# russian black terrior



## goldensrbest (Dec 20, 2007)

I just met one on a walk, big, pretty , not friendly.


----------



## goldy1 (Aug 5, 2012)

I had to look up the breed. I don't think I've ever seen one. I would be careful bringing my Golden too close if the dog didn't seem friendly. This breed would be a formidable challenger I think.


----------



## Loisiana (Jul 29, 2009)

I have not heard good things about this breed's temperament overall. An obedience judge I know said the worst assignment he ever had was at a breed specialty, there were multiple hearings called for aggression.


----------



## goldensrbest (Dec 20, 2007)

Yeah , my first time seeing one, the guy is taking care of it for a friend, he said he is not friendly, he was showing his teeth, pretty, but not my kind of dog.


----------



## goldy1 (Aug 5, 2012)

goldensrbest said:


> Yeah , my first time seeing one, the guy is taking care of it for a friend, he said he is not friendly, he was showing his teeth, pretty, but not my kind of dog.


Agreed. I love the Golden temperment. My boy has a very relaxing effect on me.


----------



## Jige (Mar 17, 2011)

I had to look them up sure is a cute looking dog. I dont have issues with DA dogs I have issues with people that have them that dont control them or people that you tell them your dog doesnt like dogs and they still come up on you with their dogs.

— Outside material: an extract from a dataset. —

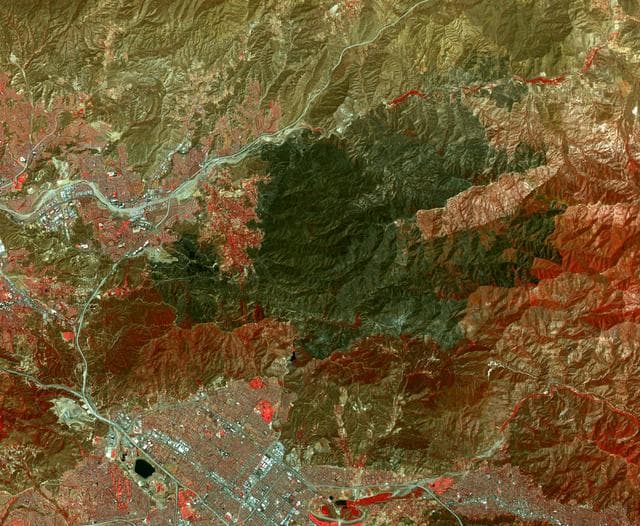 NASA image: NASA Spacecraft Spots Aftermath of Destructive Wildfire in LA Backyard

I have had that happen to me so many times with Vendetta not fun.


----------



## Ladyluck (Nov 3, 2012)

I've read that they're not friendly, but the one I did meet in a nosework class was very sweet. Sweet or not, he was huge!


----------



## Golden4Life (May 6, 2009)

I have only one breeder within 200 miles of me. I don't think I"m going to run across any. Nice looking dog though.


----------



## Kmullen (Feb 17, 2010)

Funny that u post this. I am currently in the room with 2 BRT and 2 goldens. No problems. Zil is the number one BRT in the country and is the sweetest thing ever!!!! Love him! And her 6 month old female is currently playing with one of my pups I am showing.

It matters what line they come from.


----------



## Kmullen (Feb 17, 2010)

Thought I would post a video for fun! Because not all BRT are mean 

This is Dani and I at her very first show! She is so cute...but a wiggle butt that needs practice. Will not stop wagging her tail! 

She is only there for practice because there were no other BRT class dogs entered. She is owned by a good friend and she also owns Zil (the big one). He does have a RN and a CD. 

Zil loves Dani and really does not want to show this day because he was pre-occupied with Dani.


----------



## Finn's Fan (Dec 22, 2007)

That youngster couldn't have wagged her tail any harder!


----------